Al Gore behaved like 'crazed sex poodle' with masseuse - Telegraph
The woman, who recalled telling Mr Gore he was behaving like a "crazed sex poodle", claims he pinned her to his bed and forcibly French kissed her.

A French kissing sex poodle? I can't think of any lower insults, I must remember the reuse it.

He "flipped me flat on my back and threw his whole body face down over atop me, pinning me down and outweighing me by quite a bit".
The woman said Mr Gore provided a "dramatic display of violent temper as well as [an] extremely dictatorial, commanding attitude besides his smiley, global warning concern persona".
Having squirmed out of his grasp, she fled his suite. She claimed she later found stains on the front of her trousers and kept them uncleaned as evidence, believing they were his body fluids.

I think I'm going to upchuck.

Of course it is important to point out that Saint Al denies everything and Plod didn't find sufficient evidence to press charges. Maybe it was a really really small stain...

Comments

:-)

You Sir have won my Kudos on the title of this one...

Love that sense of humor (humour)

vince
Maine U.S.A.

"Al Gore" and "sex" in the same sentence.

No erections for a week. Thank you very much.

Frank Zappa would have loved all this!

Apart from the references to poodles and sex (as per his song "Dirty Love") there's the link to Tipper Gore (who was opposed by Frank at the hearings which resulted in the obligation to classify albums according to their 'suitability' for young persons). And since Big Al himself is not much different to a televangelist (another of the Zappa targets) Frank could have got a whole new album out of this.

"Having squirmed out of his grasp, she fled his suite. She claimed she later found stains on the front of her trousers and kept them uncleaned as evidence, believing they were his body fluids."

Yikes! Upchuck is the right word.

As one of my colonels was wont to say after a long and tedious briefing: "Thank you, that was much more information than I needed."

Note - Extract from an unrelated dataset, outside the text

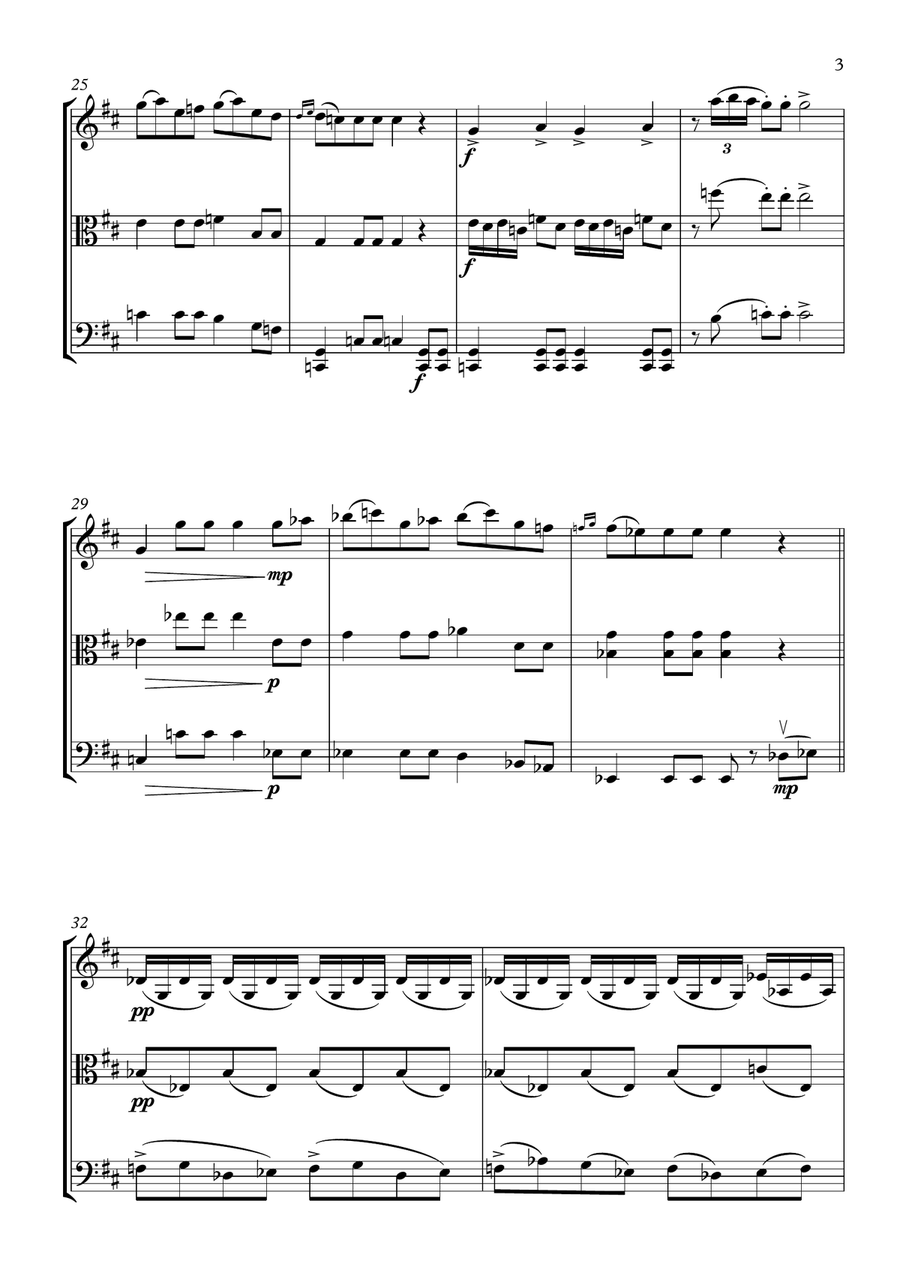 The Wedding Day at Troldhaugen String Trio scores gallery preview page 3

Had he only hired the right woman for the job, there would be no, er... issue. Well, in fact there would have been but that would be part of her job.

However, he being a hipocritical little scum bag, he wouldn't do the right thing and hire the right woman for the job. He wanted to delude himself, as usual, that he was God's Gift. And, also, thought that $300 per hour was too much.

Us mere mortals can hire professional women without a qualm. His God Giftness could not. Is this going to be his personal Calvary? If this silly story gets traction, I expect to see Gore on TV stating precisely that, and that it is his cross to Poly Bear in his fight to save the planet.

Got that girls? Sex with Al Gore saves the planet!!

BTW Ladies: Sex with me not only saves the entire universe, it makes he Earth move :-)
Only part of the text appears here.